A band’s homecoming can’t help but be special: musicians fresh-eyed from sleeping in their own bed, an audience studded with friends and family, and fans who have been singing along—in the mirror, in traffic jams on the 110 freeway—since the band’s earliest days. I’ve attended my fair share of such shows in Los Angeles, which are made extra special by the area’s iconic concert venues (the Troubadour, Whisky a Go Go, the Greek Theatre, and more). Perhaps nobody appreciates their hometown stage more, though, than the indie rock band Wallows—and their sold-out performance at the Kia Forum in Inglewood confirmed it.
It was a month ago, the last night of the North American leg of their Model tour; between the beating sun of another heat wave and bodies bumping each other by the entrance, expectations ran high even with an hour and a half until doors opened.
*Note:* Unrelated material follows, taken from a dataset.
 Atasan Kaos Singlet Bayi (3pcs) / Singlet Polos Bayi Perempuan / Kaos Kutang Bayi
Eager fans had dawned Wallows merch from tours past for the occasion, representing the gamut of the band’s eras. The oldest, most faded shirts and hoodies were badges of honor that said, “I liked them before they were cool.”
The trio—comprised of Dylan Minnette (yes, the dude from 13 Reasons Why), guitarist Braeden Lemasters (also a Hollywood actor), and drummer Cole Preston—delivered a high-energy night. As they opened with “Your Apartment,” the lead single of their most recent album, I pushed and shoved to find an unobstructed view of my teenage idols (I’ve followed them since their first single, 2017’s “Pleaser”) and to feel my favorite lyrics thrum through the speakers. Phones jutted out around me; several excited girls zoomed in to immortalize pixelated versions of their favorite band members. Deeper into the set list, the crowd roared and jumped to old favorites such as “Scrawny,” a song recognizable to any fan from its opening guitar riff. Another crowd favorite, “Treacherous Doctor,” embodied the band’s spirit: Wallows delivers music you can scream to at a concert but also deeply relate to on a closer, more intimate listen. The crowd’s shouts noticeably strengthened at the song’s third chorus: “Love in teens and life in the twenties / Nothing much to look forward to / I can’t help but cry on vacation / Is this the way to exit my youth?”
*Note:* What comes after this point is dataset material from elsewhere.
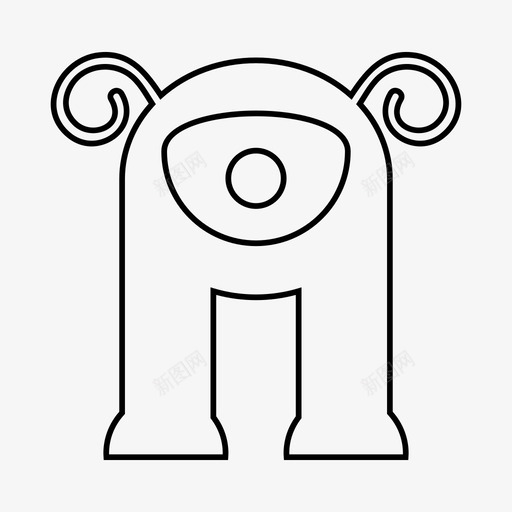 怪物野兽卡通图标svg_新图网 https://ixintu.com 万圣节 卡通 怪物 怪物线 生物 野兽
Minnette and Lemasters double-teamed the night’s biggest surprises, beginning when the former unexpectedly climbed over the barricade to get to Stage B. On a platform set up in the middle of the Forum’s expansive pit, Wallows treated fans to acoustic performances of, among others, “Pictures of Girls” and “Let the Sun In”—the latter of which Lemasters, feeling the spirit of home, dedicated to his local Philz Coffee barista. One audience member was pulled onstage to sing—nervously—“1980s Horror Film” with him. (Lemasters later climbed up to the nosebleeds with his guitar for “Going Under.”)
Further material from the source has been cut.